RSSA backend
Matthew Fluet
fluet@CS.Cornell.EDU
Thu, 17 Jan 2002 14:43:56 -0500 (EST)
> > 4. make the array initialization loops explicit in MACHINE; I guess this
> > would be an insertArrayInitializations after insertSignalChecks
> >
> > I think we eventually want 4, which solves all the problems at once.
>
> Agreed. I will do it right now. It should be easy.
Great. Other than that, what's currently checked in to the rssa branch
passes all the regressions, benchmarks, and a self-compile.
Benchmark results are equally as strange as the C codegen ones, although
they don't seem to agree on what got speedups.
run time ratio
benchmark MLton1
barnes-hut 1.02
checksum 0.99
count-graphs 0.80
DLXSimulator 0.88
fft 1.08
fib 1.01
hamlet 1.13
imp-for 0.79
knuth-bendix 0.98
lexgen 0.96
life 0.95
logic 1.13
mandelbrot 0.90
matrix-multiply 0.91
md5 0.94
merge 0.99
mlyacc 0.97
mpuz 1.01
nucleic 0.95
peek 2.58
psdes-random 0.90
ratio-regions 0.96
ray 1.11
raytrace 0.99
simple 0.99
smith-normal-form 1.00
tailfib 0.80
tak 0.98
tensor 0.61
tsp 1.09
tyan 1.09
vector-concat 0.41
vector-rev 0.98
vliw 0.97
wc-input1 1.15
wc-scanStream 0.61
zebra 0.77
zern 0.94
I've no real idea either; peek is ok, because knownCase in the stable
version is speeding it up to 0.3 of the running time of the SSA optimizer
in the RSSA branch. logic and wc-input1 might be worth looking at.

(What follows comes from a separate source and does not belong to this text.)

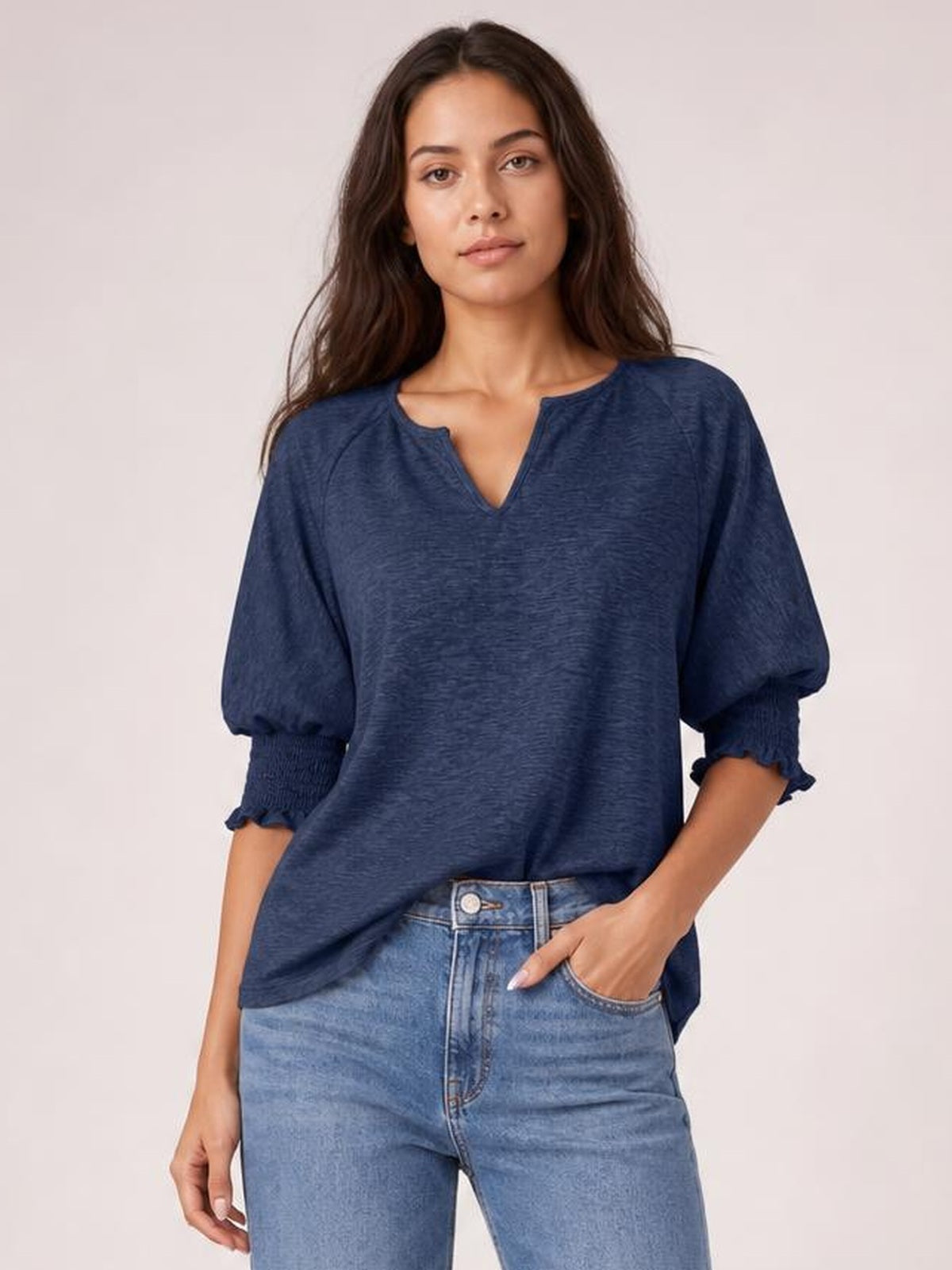 Model wears a heathered navy blouse with a notched neckline, loose silhouette, lantern sleeves, and frill-trimmed cuffs, posing with one hand in her jeans pocket.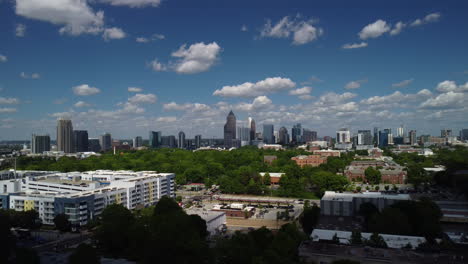Arial-back-view-shot-of-the-city-of-Atlanta-Georgia-during-a-warm-summer-day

I think I see why there are such significant speedups, at least for the
x86 codegen. The limit check insertion and pseudo-register allocator are
doing "better" in the RSSA branch. For example, the loop in tail fib
looks like this in RSSA branch
fibP_0 {kind = Jump, live = (RI(4), RI(3), RI(2), RI(0))}:
Switch (RI(4), [(0, L_12)], Some (L_15))
and like this in the stable branch:
fibP_0 {kind = Jump, live = [SI(4), SI(8), SI(12), SI(16)]}:
Switch (SI(16), [(0, L_10)], Some (L_13))

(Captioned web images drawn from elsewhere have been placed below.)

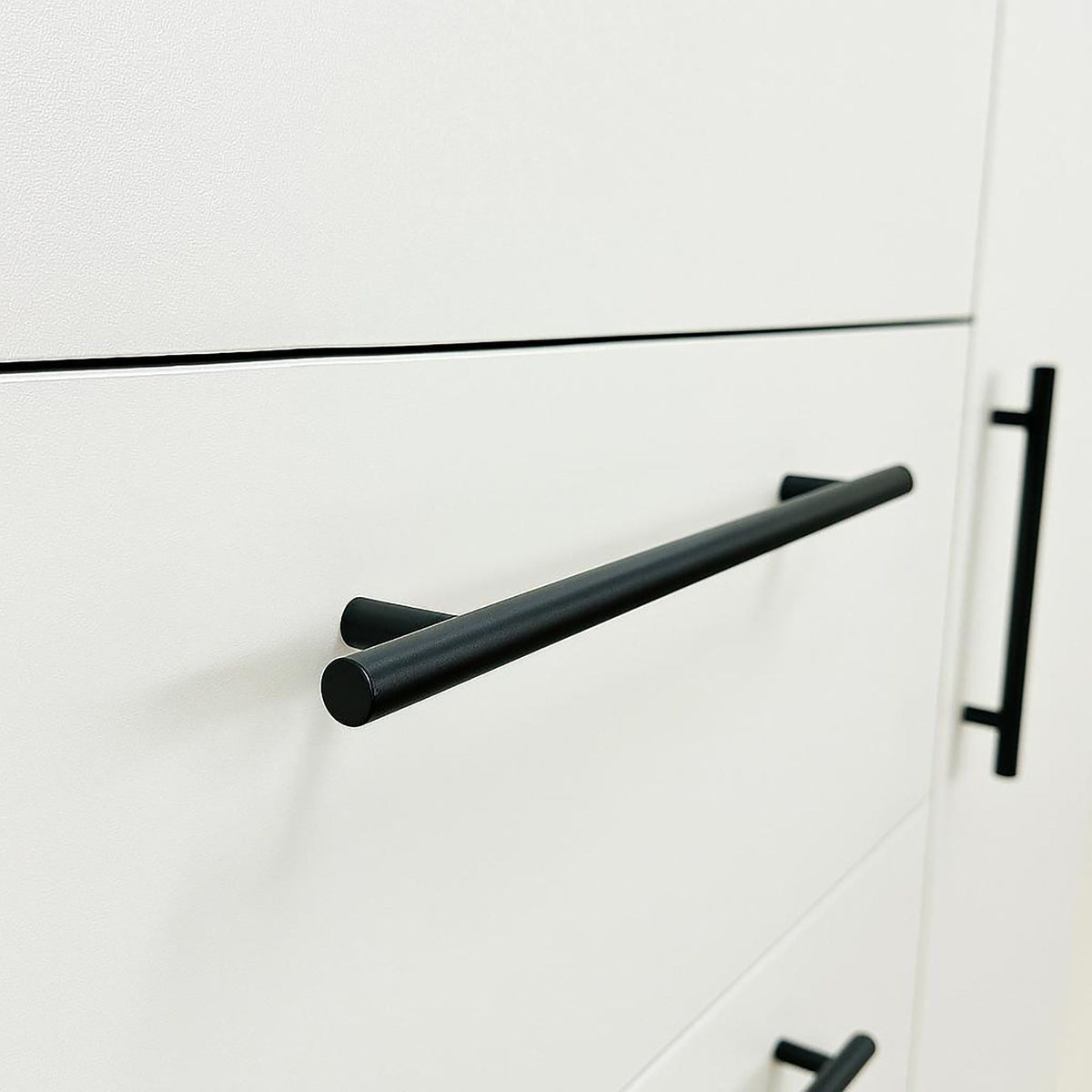 Robin Gentleman’s Chest white finish with black bar pulls, close-up of drawer front on Tampa Home & Garden Store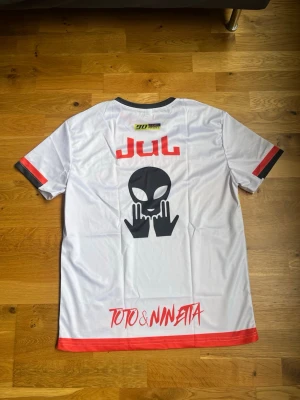 JUL-t shirt  - Unik vit t-shirt med färgglada grafiska tryck och alienmotiv på ryggen. Svarta och röda detaljer vid krage och ärmslut. Framsidan har texten 'D'or et de platine' och coola färginslag i gult, orange och svart. Perfekt för dig som gillar streetwear och statement-plagg. Storleken är XS men passar även S. 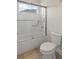 Bright bathroom features a tiled shower and tub combination with a safety bar and glass door at 8724 Peachtree Park Ct, Windermere, FL 34786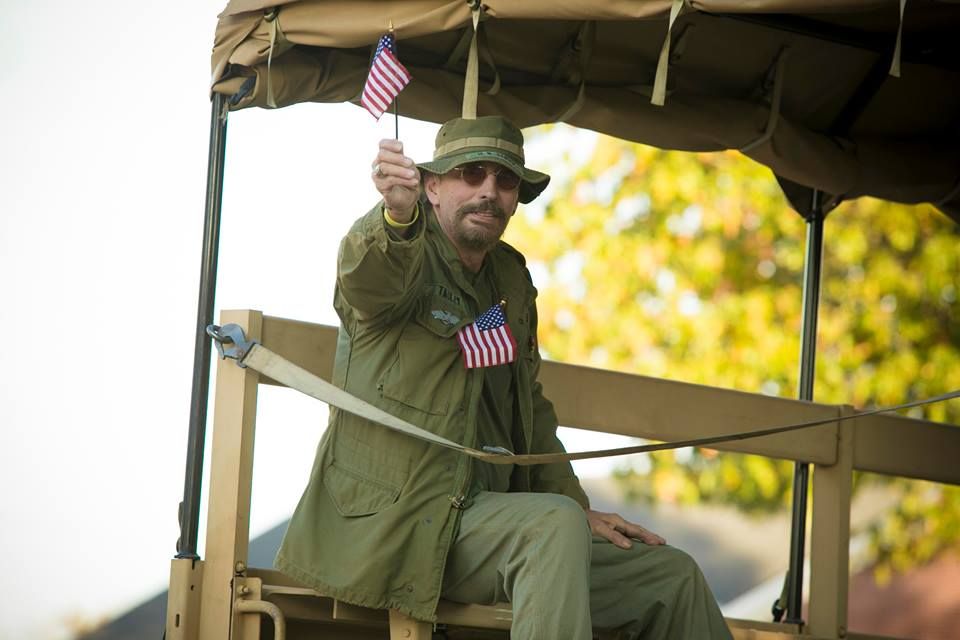 Man in green rain gear on a military-style vehicle, holding up small American flags under a canvas canopy
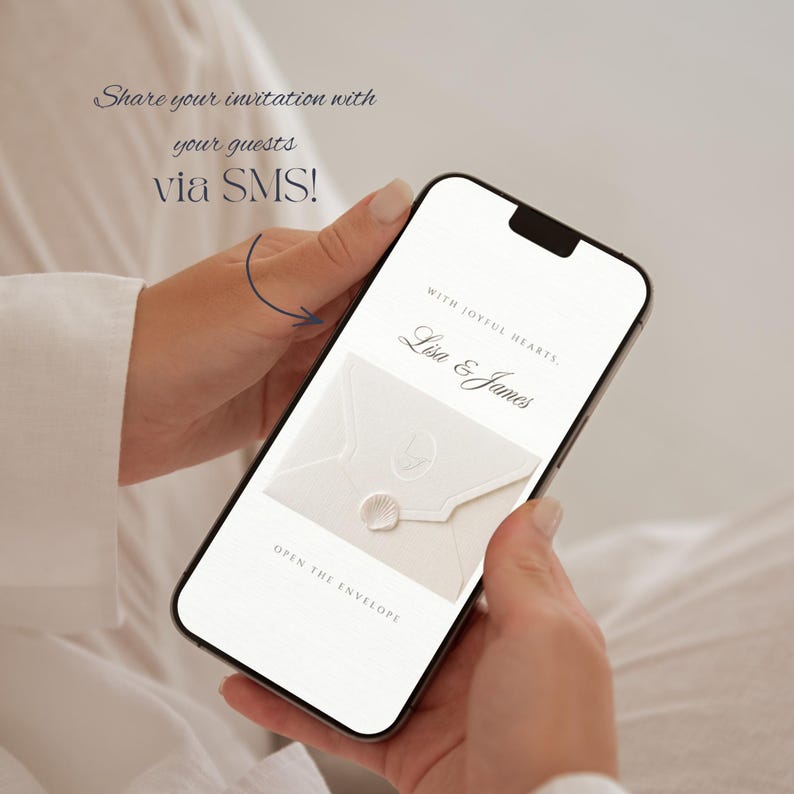 May include: A smartphone screen displays a digital wedding invitation featuring the text "With joyful hearts, Lisa & James" and "Open the envelope" above an image of a cream-colored envelope sealed with a shell-shaped wax seal.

So, the RSSA looks a lot more like -native-live-stack true; in any event,
the x86 codegen turns the first loop into:
fibP_0:
testl %edi,%edi
jz L_41
L_15:
decl %edi
jo L_10
L_34:
addl %ecx,%edx
jo L_43
L_33:
xchgl %edx,%ecx
jmp fibP_0
because it will pass pseudo-regs in registers by default,
while it turns the second into:
fibP_0:
movl (0+(16*1))(%ebp),%esi
testl %esi,%esi
jz L_27
L_13:
decl %esi
jo L_8
L_19:
movl (0+(12*1))(%ebp),%edi
movl %edi,%edx
addl (0+(8*1))(%ebp),%edx
jo L_29
L_20:
movl %esi,(0+(16*1))(%ebp)
movl %edi,(0+(8*1))(%ebp)
movl %edx,(0+(12*1))(%ebp)
jmp fibP_0
because it loads and stores stack slots.
On the down side, this means that there is a little slowdown in compile
times, because the live sets manipulated by the codegen are larger.